The impact of Gustav and Ike on the Southeast's refineries had substantial short-term implications for the rest of the nation. The many refineries that shut down in advance of Hurricane Gustav remained closed until Ike passed 12 days later. Even without damage, shut-down refineries can take several weeks to restart operations, and electrical outages in storm-ravaged areas further delayed return to operations. The country's refinery utilization rate dropped to 66.7 percent, the lowest rate on record, pushing the amount of crude processed by U.S. refineries to record lows as well (see chart 1). Fuel distributors were forced to draw down the country's gasoline stocks to the lowest level in 41 years to maintain supplies at the pump (see chart 2).
About 5.2 million barrels of emergency exchange oil were released from the nation's Strategic Petroleum Reserve in the weeks following the two storms because some refineries were stranded without enough oil to process while pipelines in storm-damaged areas had not yet come back online. Despite efforts to bring as much supply to the market as possible, some areas of the Southeast, including Atlanta and Nashville, faced fuel shortages through early October.
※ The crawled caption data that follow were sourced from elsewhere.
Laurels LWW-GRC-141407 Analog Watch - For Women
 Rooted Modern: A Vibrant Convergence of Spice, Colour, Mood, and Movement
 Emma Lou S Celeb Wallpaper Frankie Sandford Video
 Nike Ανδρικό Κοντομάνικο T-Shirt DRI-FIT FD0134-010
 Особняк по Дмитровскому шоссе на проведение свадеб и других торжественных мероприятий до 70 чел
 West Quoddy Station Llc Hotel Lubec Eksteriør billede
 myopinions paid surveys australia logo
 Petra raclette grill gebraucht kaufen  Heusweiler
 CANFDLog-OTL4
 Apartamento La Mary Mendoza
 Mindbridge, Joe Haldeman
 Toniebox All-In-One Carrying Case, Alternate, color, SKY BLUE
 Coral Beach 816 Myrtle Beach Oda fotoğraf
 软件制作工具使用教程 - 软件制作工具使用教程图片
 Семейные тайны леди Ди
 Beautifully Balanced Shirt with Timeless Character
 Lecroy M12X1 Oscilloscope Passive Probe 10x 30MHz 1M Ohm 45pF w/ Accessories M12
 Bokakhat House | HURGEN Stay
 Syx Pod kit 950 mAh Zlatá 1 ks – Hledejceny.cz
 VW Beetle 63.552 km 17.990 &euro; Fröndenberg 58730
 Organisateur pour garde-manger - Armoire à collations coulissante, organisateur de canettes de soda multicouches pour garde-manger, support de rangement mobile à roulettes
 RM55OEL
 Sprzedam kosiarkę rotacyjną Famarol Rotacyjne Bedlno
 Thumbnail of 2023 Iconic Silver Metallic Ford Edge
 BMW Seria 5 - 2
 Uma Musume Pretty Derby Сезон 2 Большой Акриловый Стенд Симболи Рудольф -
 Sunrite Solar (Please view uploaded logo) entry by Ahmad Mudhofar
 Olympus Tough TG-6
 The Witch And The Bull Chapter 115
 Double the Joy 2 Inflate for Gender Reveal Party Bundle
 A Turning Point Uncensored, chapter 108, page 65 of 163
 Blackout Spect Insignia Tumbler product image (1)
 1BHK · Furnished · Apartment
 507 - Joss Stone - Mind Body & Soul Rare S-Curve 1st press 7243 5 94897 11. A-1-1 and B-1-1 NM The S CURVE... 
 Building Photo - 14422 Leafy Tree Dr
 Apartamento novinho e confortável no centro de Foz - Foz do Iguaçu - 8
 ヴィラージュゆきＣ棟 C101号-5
The EIA estimates that about 14.5 million barrels of crude oil production (or about three days' worth of total U.S. output) were lost as a result of hurricane-related outages in 2008. But despite the significant disruption to energy supply caused by Gustav and Ike, the resulting price effect was relatively muted largely because the worsening financial situation that was surfacing around the globe curtailed demand.
Looking ahead to 2009
Falling oil prices indicate that market supply exceeds current demand by businesses and consumers. Thus, given the recent slowdown in the global economy, unless oil output is reduced considerably in the near term, prices are likely to remain low in the coming months. In the longer term, however, as global growth recovers, demand will resume its upward pressure on prices.
One question facing the industry right now is the extent to which exploration and production projects currently under way will be canceled or postponed as a result of the recent price decline and the financial turbulence affecting investments. Cancellations and delays become increasingly likely as prices fall below levels necessary to make the more capital-intensive projects profitable. A slowdown in new oil production projects could mean that future global production capacity will be reduced, resulting in additional price pressures when demand growth resumes down the road.